───── MATERIAL PROVIDED ─────
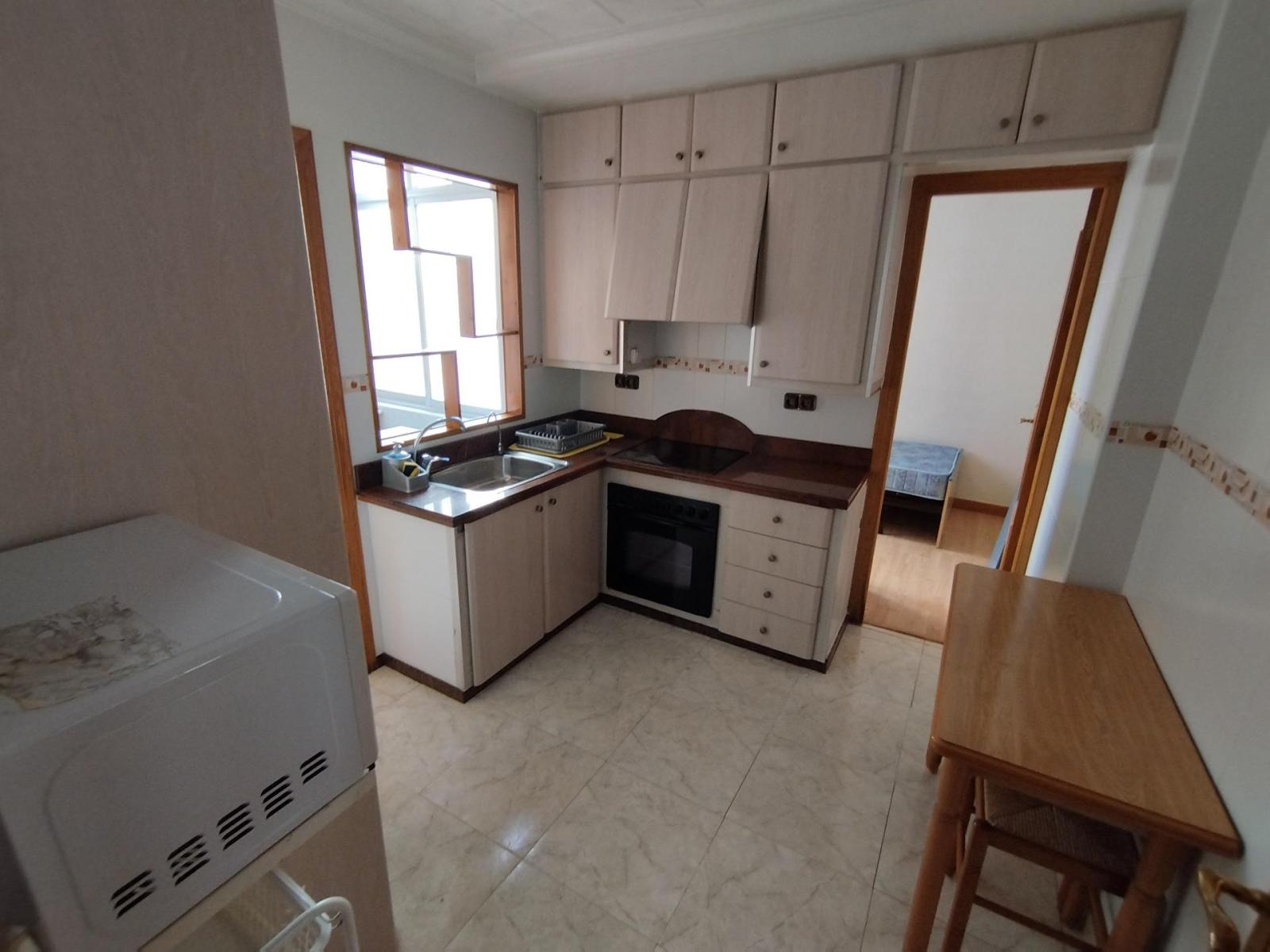 Flat for Rent in Elche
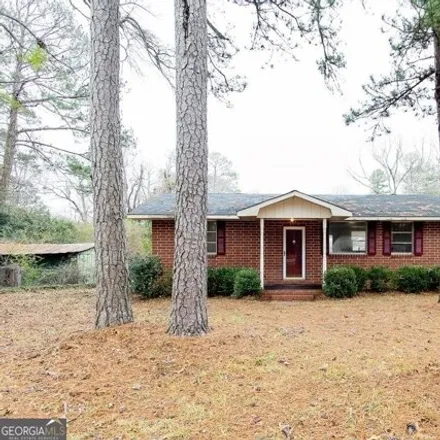 Buy this 3 bed house on 19 Anderson Lane in Washington County, GA 31082
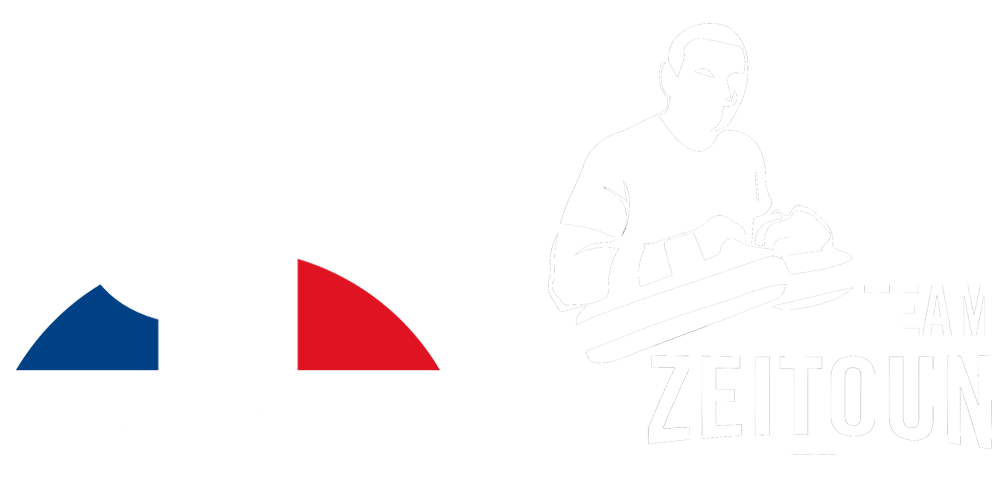 Coq Sportif Team Zeitoun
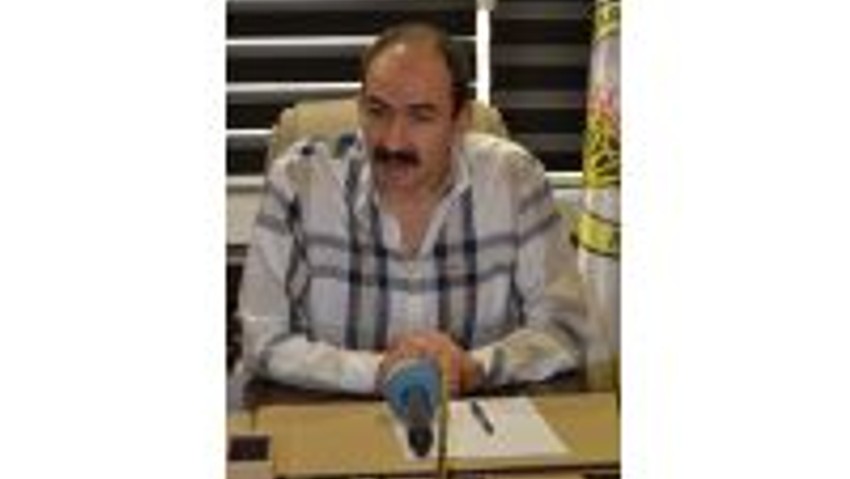 Kayseri Sarraflar Ve Kuyumcular Derneği Başkanı Ömer Gülsoy:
─────
In your answer, set down the full listing word for word and include no pictures.

 Flat for Rent in Elche
 Buy this 3 bed house on 19 Anderson Lane in Washington County, GA 31082
 Coq Sportif Team Zeitoun
 Kayseri Sarraflar Ve Kuyumcular Derneği Başkanı Ömer Gülsoy:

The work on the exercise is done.